#### [Record excerpts]

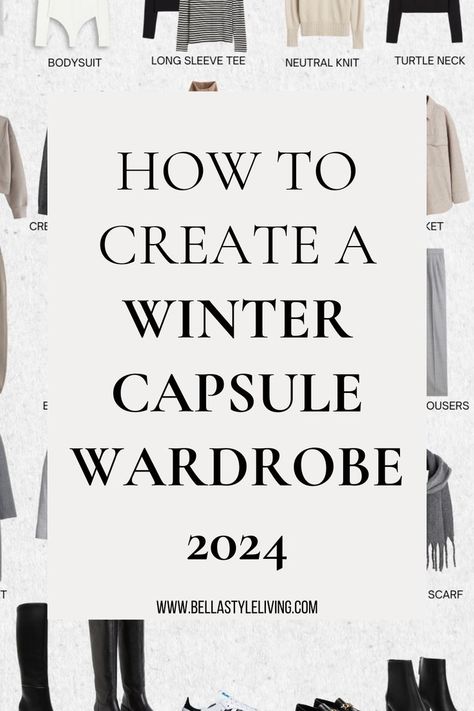 winter wardrobe essentials Women Winter Capsule Wardrobe, Europe Winter Essentials, Teacher Winter Capsule Wardrobe, Travel Winter Capsule Wardrobe, Canada Winter Capsule Wardrobe, New York Winter Capsule Wardrobe, Winter Fashion Australia 2024, Nyc Winter Capsule Wardrobe, Clothes Autumn Outfit Ideas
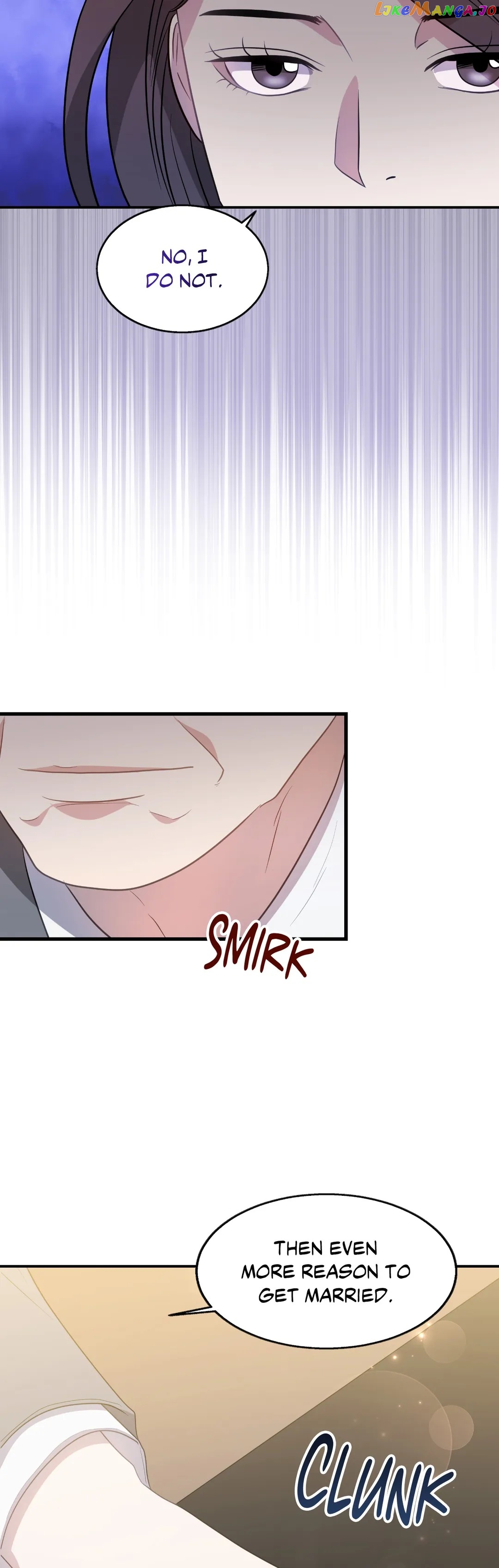 Seal The Deal Chapter 12 - page 30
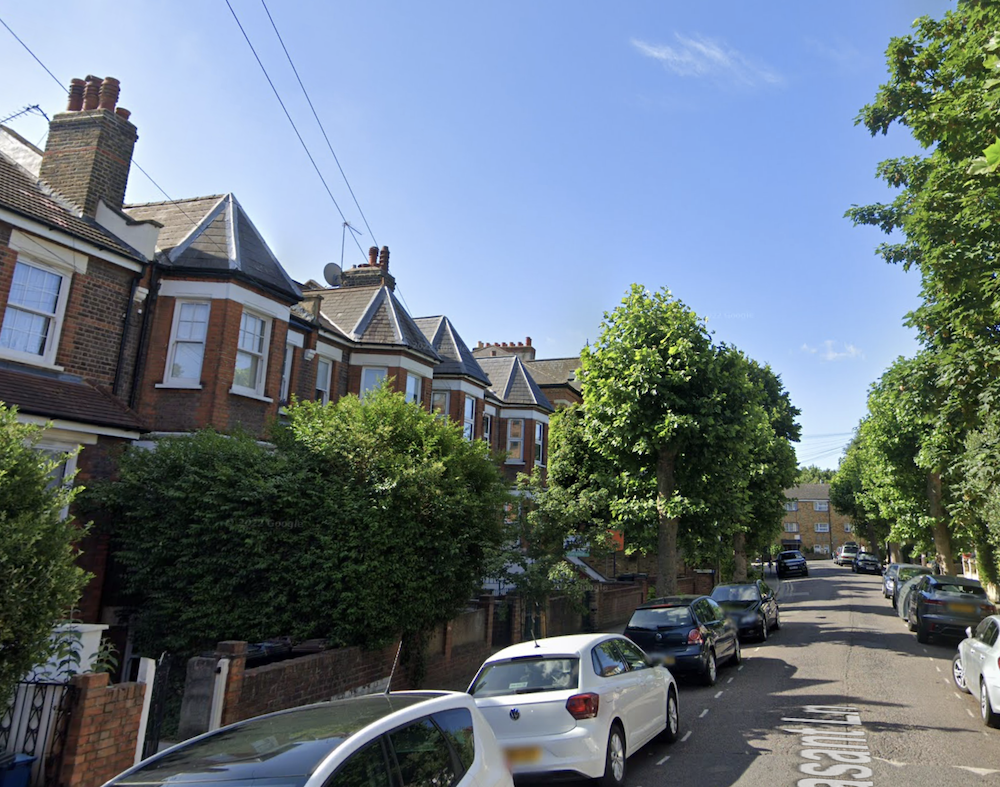 Leyton London E10 Ground Rent Reversion For Sale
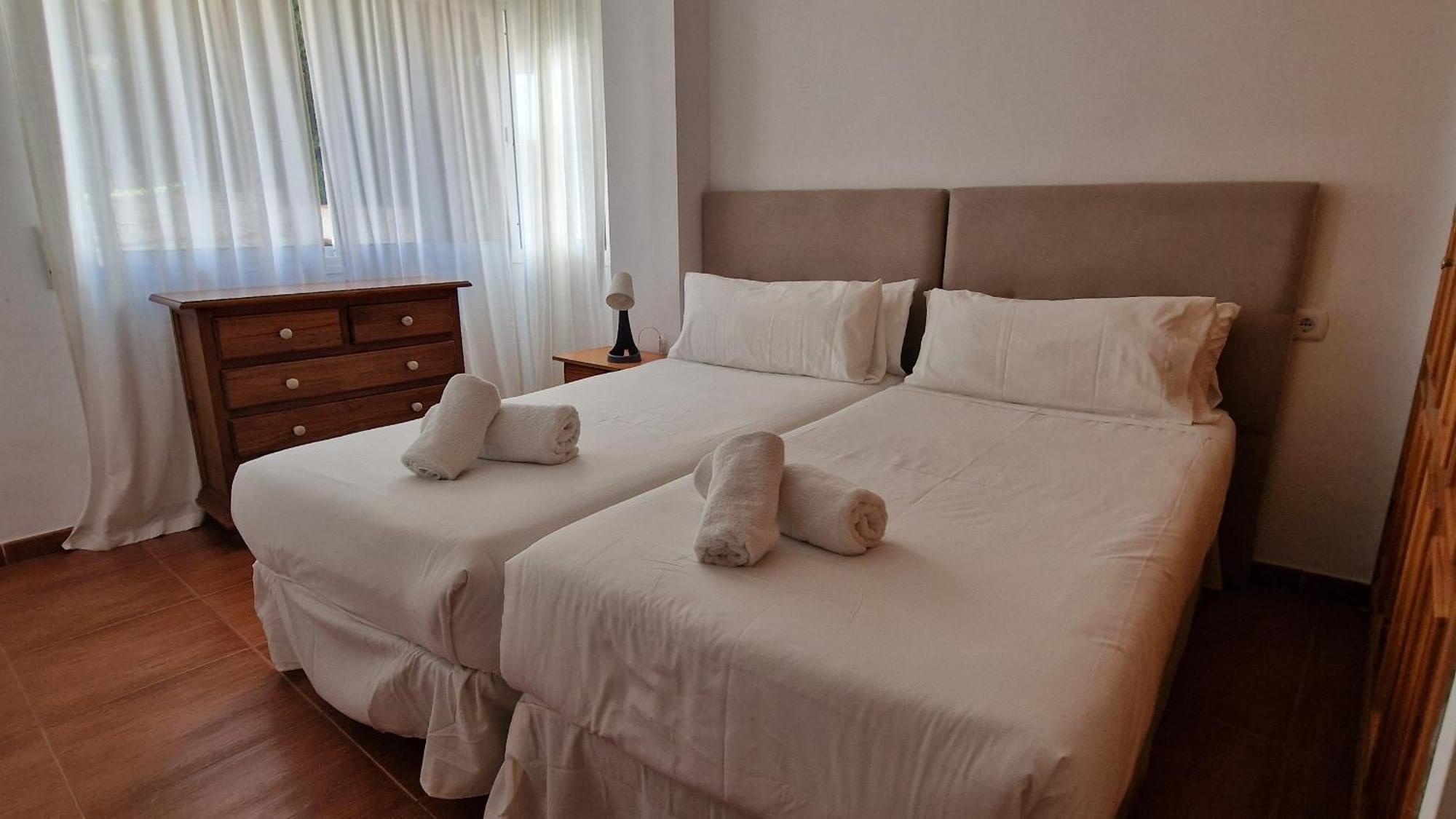 Latin Apartahotel *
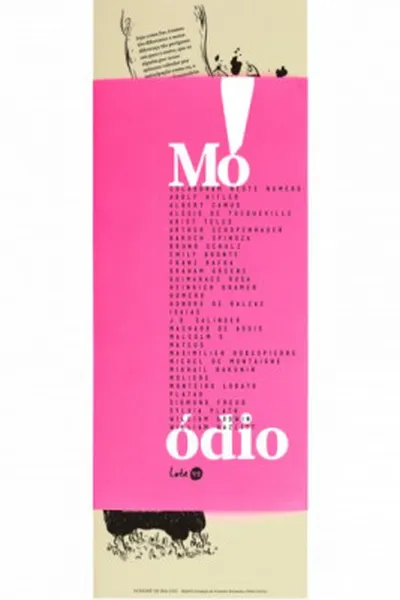 Cover of Mó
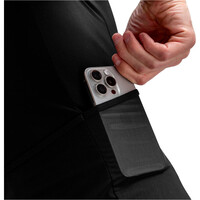 Siroko maillot manga corta hombre GM2 Tasmania vista detalle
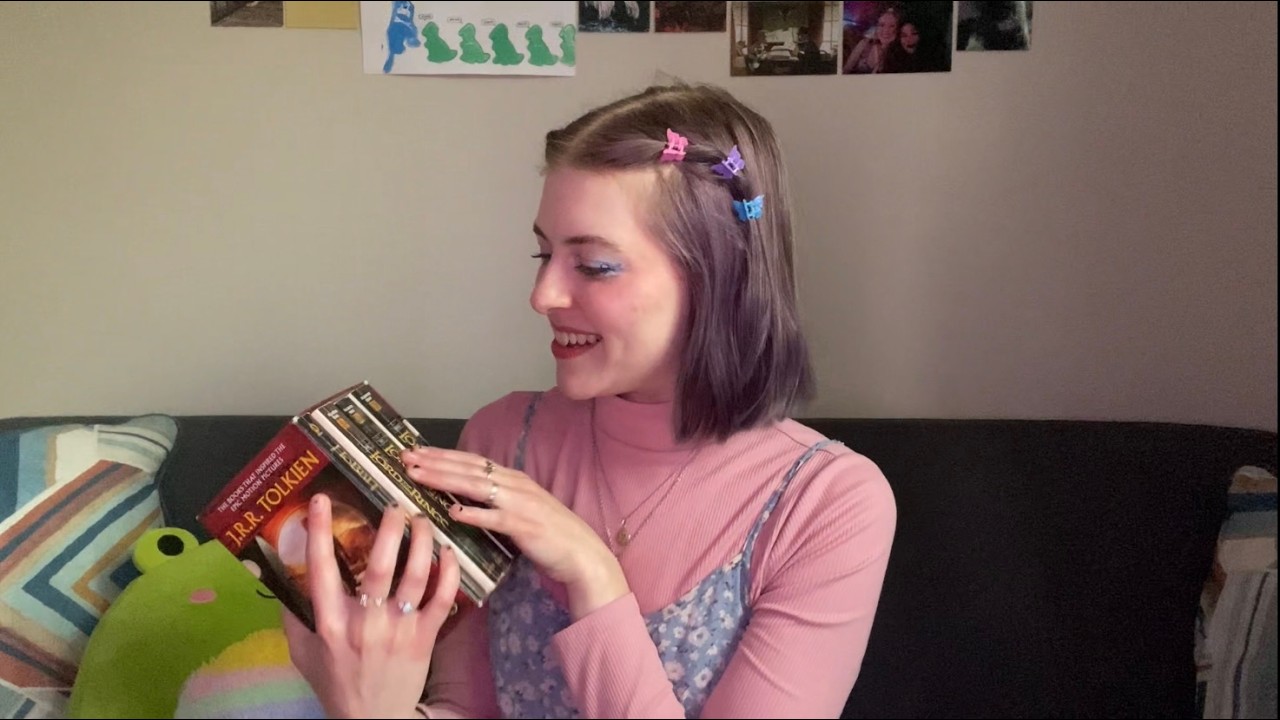 We NEED to Read More: Book Recommendations & the Literacy Crisis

#### [Problem details]
What the answer needs is every line from the one with "Cover of Mó" through the last line of the data, reproduced word for word and with pictures omitted.

#### [Written answer]
 Cover of Mó
 Siroko maillot manga corta hombre GM2 Tasmania vista detalle
 We NEED to Read More: Book Recommendations & the Literacy Crisis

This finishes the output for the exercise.